▶ TASK TO COMPLETE
Could the listing below be returned exactly, with its pictures left out?

▶ DATA SECTION

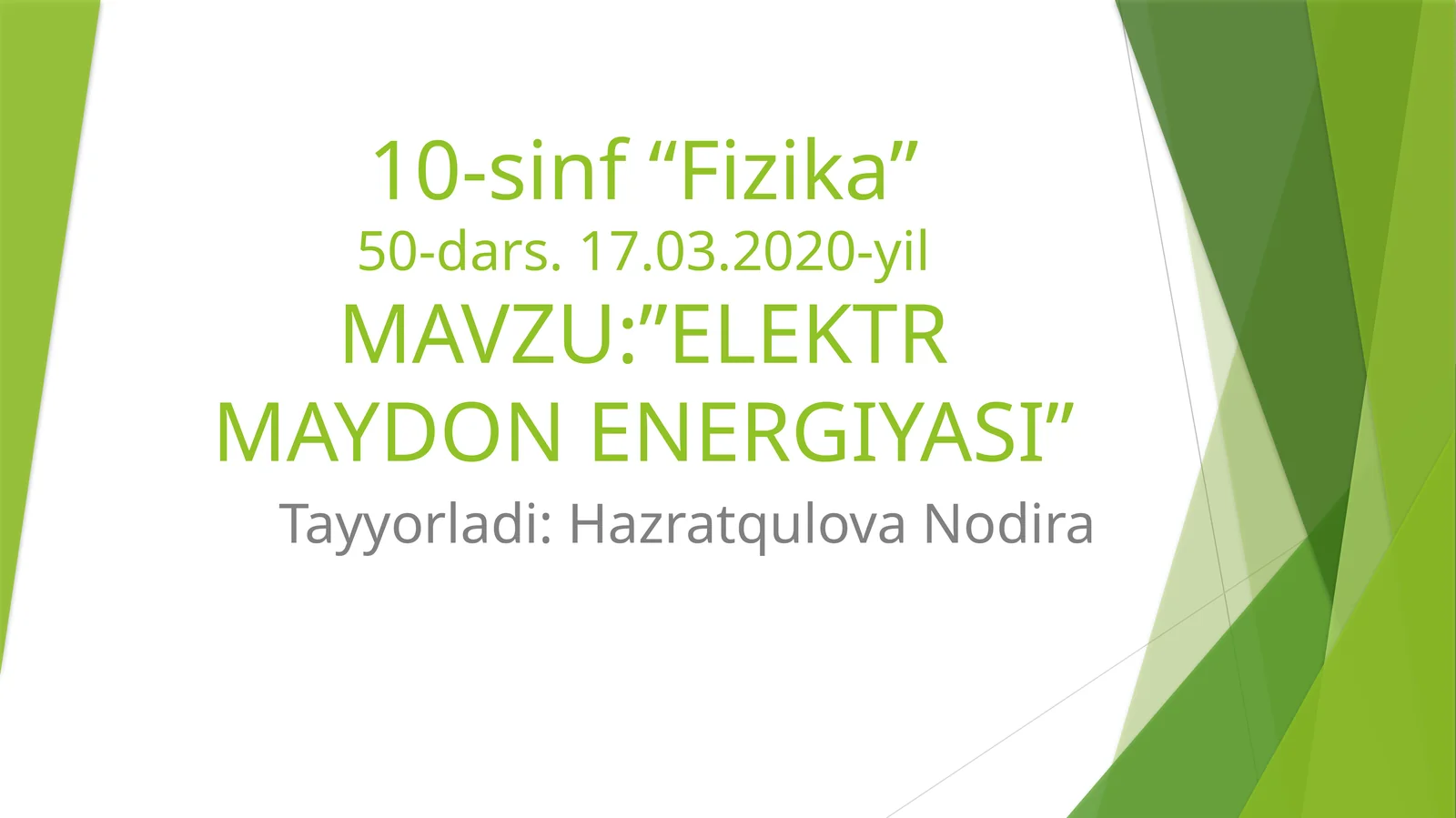 ELEKTR MAYDON ENERGIYASI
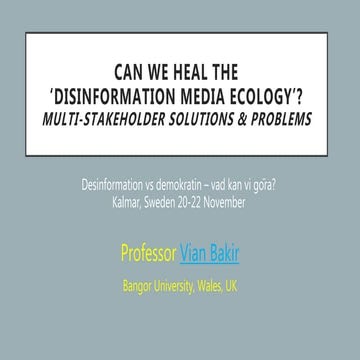 Can we heal the disinformation media ecology?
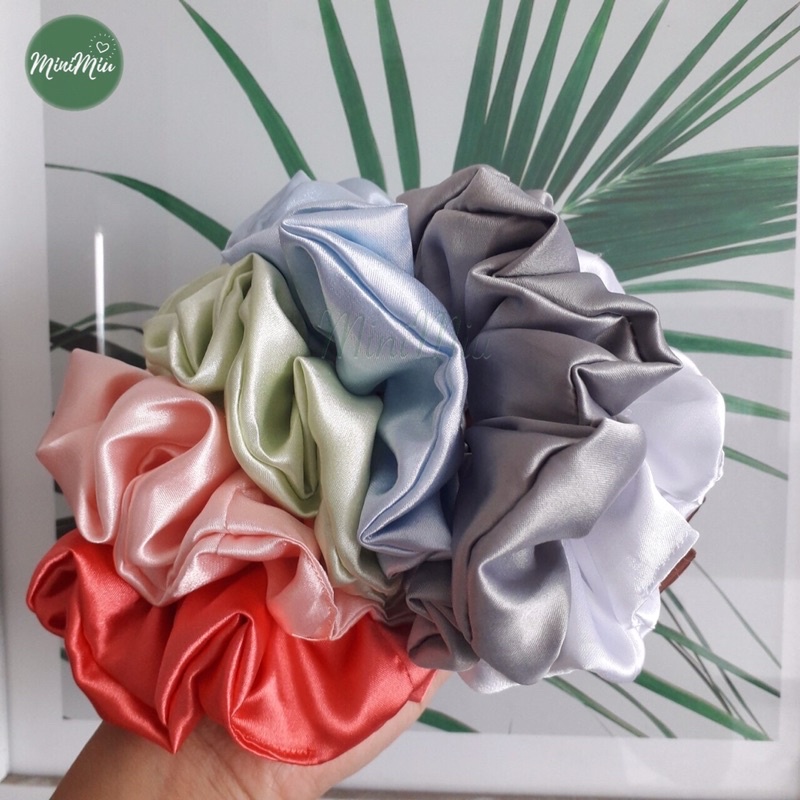 Dây cột tóc vải scrunchies handmade chất lụa satin, phi bóng mềm mịn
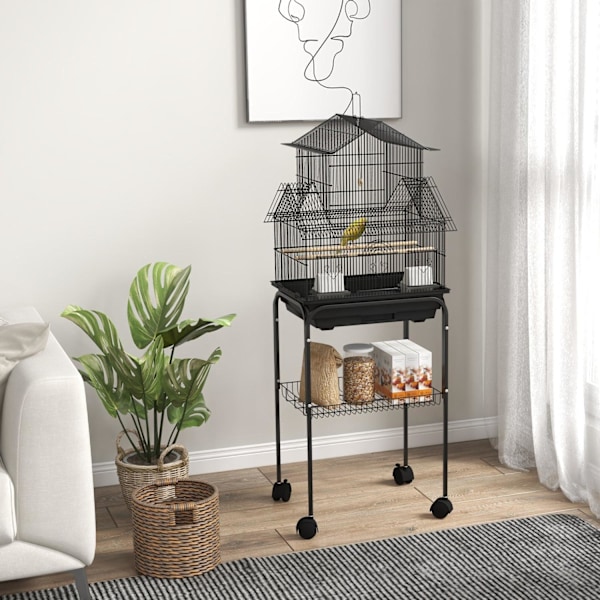 Rootz Bird Cage Birdhouse - Aviary House - Bird Shelter - Easy Cleaning & Transport - 50,5L X 41W X 121H CM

▶ EXERCISE RESPONSE
 ELEKTR MAYDON ENERGIYASI
 Can we heal the disinformation media ecology?
 Dây cột tóc vải scrunchies handmade chất lụa satin, phi bóng mềm mịn
 Rootz Bird Cage Birdhouse - Aviary House - Bird Shelter - Easy Cleaning & Transport - 50,5L X 41W X 121H CM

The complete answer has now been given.